In one embodiment of the present disclosure, the variance is less than or equal to 50. Alternatively, the variance is less than or equal to 40.
In another embodiment of the present disclosure, the more the number N of the specific sub-pixels greater than the given gray scale value is, the stricter the discrimination condition is. Alternatively, the larger the given gray scale value is, the stricter the discrimination condition is.
Alternatively, the smaller the variance is, the stricter the discrimination condition is.
In a further embodiment of the present disclosure, the given gray scale value is larger than 180. Alternatively, the given gray scale value is larger than 200.
In a still further embodiment of the present disclosure, the digit group formed by the gray scale values for specific sub-pixels of the pixels within the s+mth row and the t±nth column having the pixel of the sth row, tth column as the center represents gray scale values in an odd number of rows and an odd number of columns. Alternatively, the gray scale values in an odd number of rows and an odd number of columns are gray scale values for specific sub-pixels in 3 rows and 5 columns or 5 rows and 7 columns.

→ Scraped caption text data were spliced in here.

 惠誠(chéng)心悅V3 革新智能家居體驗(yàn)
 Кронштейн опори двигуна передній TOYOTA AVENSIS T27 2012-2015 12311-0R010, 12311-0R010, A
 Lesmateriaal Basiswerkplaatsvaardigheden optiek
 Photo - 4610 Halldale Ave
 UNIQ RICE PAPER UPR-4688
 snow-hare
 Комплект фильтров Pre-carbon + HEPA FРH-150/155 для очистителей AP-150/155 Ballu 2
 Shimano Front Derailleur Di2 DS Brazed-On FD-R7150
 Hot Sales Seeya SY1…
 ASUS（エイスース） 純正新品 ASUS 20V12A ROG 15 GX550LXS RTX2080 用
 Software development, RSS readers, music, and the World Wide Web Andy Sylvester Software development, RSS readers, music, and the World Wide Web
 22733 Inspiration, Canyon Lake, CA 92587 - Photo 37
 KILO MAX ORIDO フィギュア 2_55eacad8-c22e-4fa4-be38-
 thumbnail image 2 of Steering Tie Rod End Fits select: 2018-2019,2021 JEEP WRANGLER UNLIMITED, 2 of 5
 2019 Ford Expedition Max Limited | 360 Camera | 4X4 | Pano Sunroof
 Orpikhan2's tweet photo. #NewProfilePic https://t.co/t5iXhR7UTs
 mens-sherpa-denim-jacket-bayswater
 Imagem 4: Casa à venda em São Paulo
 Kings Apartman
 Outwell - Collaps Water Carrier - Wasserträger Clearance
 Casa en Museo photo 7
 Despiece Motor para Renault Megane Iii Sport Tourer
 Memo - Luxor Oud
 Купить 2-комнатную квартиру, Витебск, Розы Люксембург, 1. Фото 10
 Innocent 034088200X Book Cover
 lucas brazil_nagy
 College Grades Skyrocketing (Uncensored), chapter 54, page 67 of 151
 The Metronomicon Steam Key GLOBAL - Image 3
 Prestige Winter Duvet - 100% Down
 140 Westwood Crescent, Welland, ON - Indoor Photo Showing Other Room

In one embodiment of the present disclosure, the digit group is arranged in a descending order. Alternatively, the digit group is arranged in an ascending order.
In another embodiment of the present disclosure, a low-pass filtering is applied to the digit group of the gray scale values for specific sub-pixels determined as the non-high-luminance background region.
In a further embodiment of the present disclosure, the specific sub-pixel is a red sub-pixel, a green sub-pixel or a blue sub-pixel.
According to a second aspect of the present disclosure, an apparatus for discriminating luminance backgrounds for images is provided. The apparatus comprises: a receiving unit for receiving image information that is to be discriminated, the image information comprising gray scale values for respective sub-pixels in each pixel; a storage unit for forming the gray scale values for specific sub-pixels of pixels within the s±mth row and the t±nth column in the image information, having a pixel of the sth row, tth column as the center, into a digit group, and arranging the digit group in order, wherein s, m, t and n are natural numbers; a determination unit for determining, if the gray scale values for the N greater specific sub-pixels in the digit group are all greater than a given gray scale value, and a variance is less than or equal to a specified threshold, that the specific sub-pixels within the s±mth row and the t±nth column are a high-luminance background region; otherwise, the specific sub-pixels within the s±mth row and the t±nth column are a non-high-luminance background region.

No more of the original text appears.